Topological structures of interval-valued hesitant fuzzy rough set and its application

Abstract

Interval-valued hesitant fuzzy rough set, defined by Zhang et al. (55), is an extension of hesitant fuzzy rough sets, interval- valued fuzzy rough sets and fuzzy rough sets. For further studying the theories and applications of interval-valued hesitant fuzzy rough sets, in this paper, we mainly investigate the topological structures of interval-valued hesitant fuzzy rough sets. Firstly, the concept of interval-valued hesitant fuzzy topological spaces is introduced by us. Then relationships between interval-valued hesitant fuzzy rough approximation spaces and interval-valued hesitant fuzzy topological spaces are further established.
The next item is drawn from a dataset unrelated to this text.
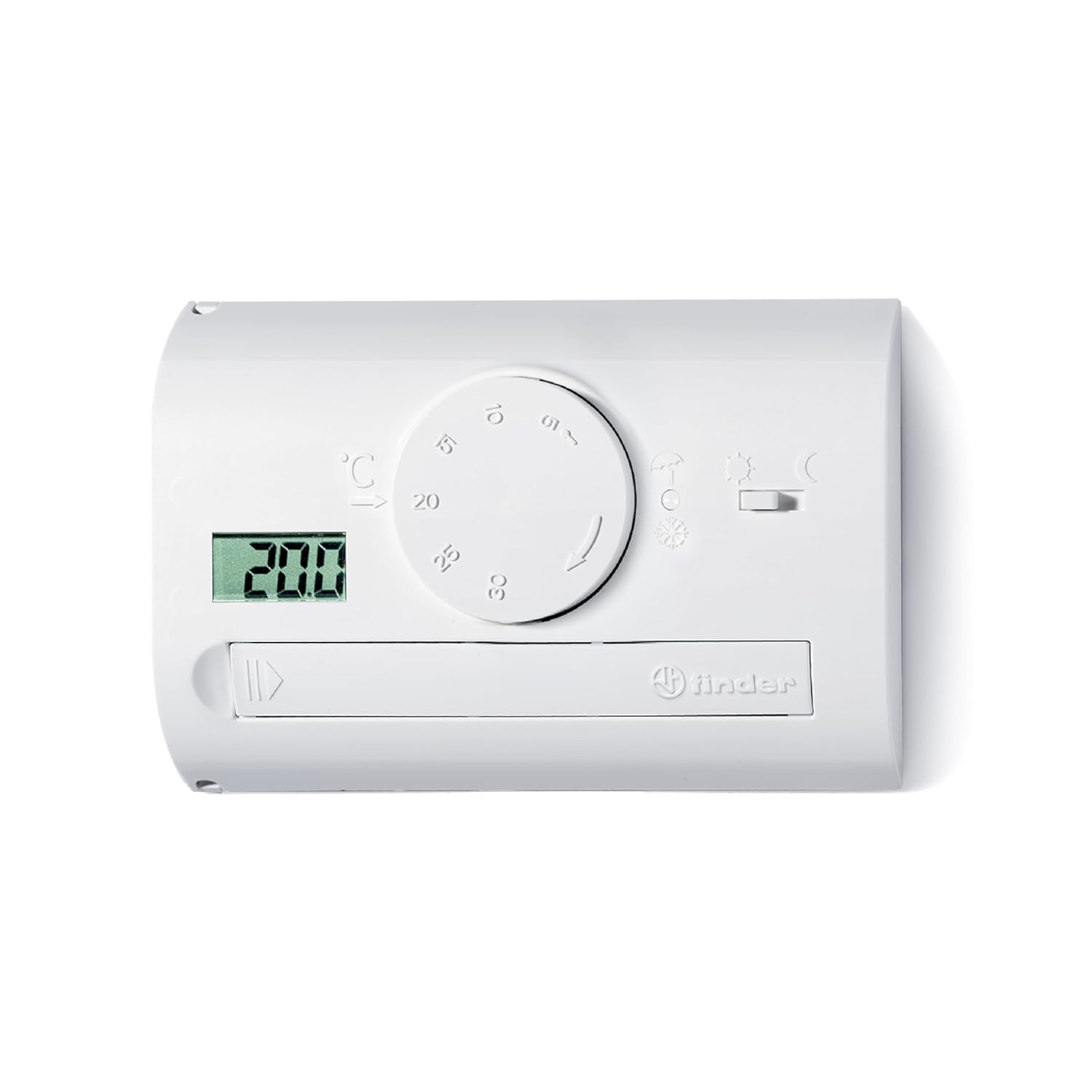 Termostato Digitale A Rotella, A Parete, 5 A 250 V AC, Da 5 a 33 °C, Batterie, Bianco - FINDER 1T4190030000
It is proved that the set of all lower approximation sets based on an interval-valued hesitant fuzzy reflexive and transitive approximation space forms an interval-valued hesitant fuzzy topology; and conversely, for an interval-valued hesitant fuzzy rough topological space, there exists an interval-valued hesitant fuzzy reflexive and transitive approximation space such that the topology in the interval- valued hesitant fuzzy rough topological space is just the set of all lower approximation sets in the interval-valued hesitant fuzzy reflexive and transitive approximation space. That is to say, there exists a one-to-one correspondence between the set of all interval-valued hesitant fuzzy reflexive and transitive approximation spaces and the set of all interval-valued hesitant fuzzy rough topological spaces. Finally, a practical application is provided to illustrate the validity of the interval-valued hesitant fuzzy rough set model.